American Disabilities Act ("ADA") Amendments Effective Jan. 1, 2009: The American with Disabilities Act Amendments Act of 2008 makes several changes to the definition of "disability" under the ADA. Although "disability" will still be defined as an impairment that substantially limits one or more major life activities, a record of such impairment, or being regarded as having such an impairment, the Act changes the way the terms should be interpreted. For example, the Act expands the definition of "major life activities" by adding activities (e.g., reading, bending and communicating), states that mitigating measures other than "ordinary eyeglasses or contact lenses" shall not be considered in assessing whether a person has a disability, and provides that an impairment that is episodic or in remission is a disability if it would substantially limit a major life activity when active.

Federal Contractors Required to Use E-Verify: Effective in January of 2009, federal contractors must use E-Verify, an internet based system rung by the U.S. Citizenship and Immigration Services, to verify the employment eligibility of all new hires and all persons performing working within the U.S. on the federal contract. E-Verify provides an automated link to federal databases to help determine eligibility and verify Social Security numbers.

New Form of Identification Accepted for I-9: The Departments of State and Homeland Security will be issuing "passport cards" which may be used as a "List A" document (documents to prove both identity and work authorization) to verify employment eligibility on the I-9 form.

DHS Publishes Final No-Match Rule - August 2007 Rule Not Substantively Changed.
In June 2006 DHS proposed a method for employers to limit the risk of being found to have knowingly employed unauthorized aliens after receiving a letter from the SSA-known as a "no-match letter''-notifying them of mismatches between names and social security numbers provided by their employees and the information in SSA's database, or after receiving a letter from DHS--called a "notice of suspect document"-that casts doubt on their employees' eligibility to work.
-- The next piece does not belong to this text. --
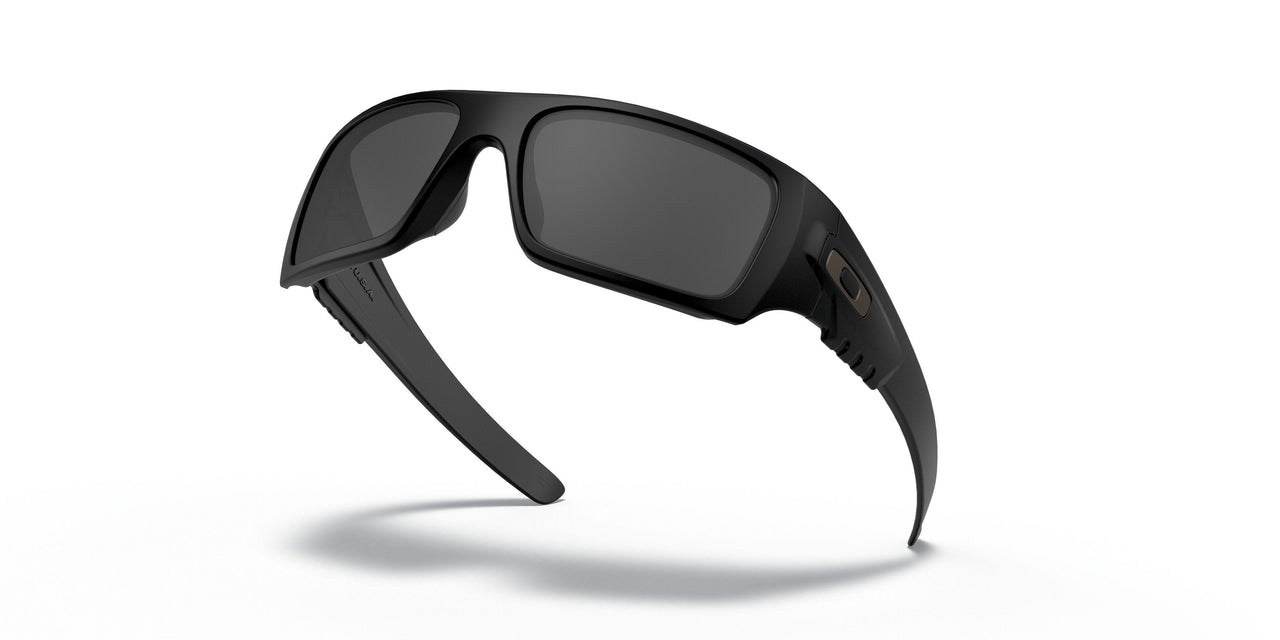 925301 - Black - Grey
DHS published a final rule on August 15, 2007, setting out safe harbor procedures for employers that receive SSA no-match letters or DHS notices. Thereafter, various parties filed suit seeking to enjoin implementation of the August 2007 Final Rule in the United States District Court for the Northern District of California. The District Court issued a preliminary injunction and then stayed proceedings in the litigation pending the DHS addressing specific issues.

DHS published a supplemental notice of proposed rulemaking in March 2008 to address the specific issues raised by the court in the preliminary injunction order. After considering the full record, including the comments received in response to the supplemental notice of proposed rulemaking, DHS has made adjustments to the cost calculations in the Initial Regulatory Flexibility Analysis (IRFA) and prepared a Final Regulatory Flexibility Analysis (FRFA), finalized the additional legal analysis set out in the supplemental notice of proposed rulemaking, and determined that the rule should issue without change. Therefore this final rule republishes the text of the August 2007 Final Rule without substantive change. We cannot predict whether the new rule will survive the legal challenges in the pending District Court case.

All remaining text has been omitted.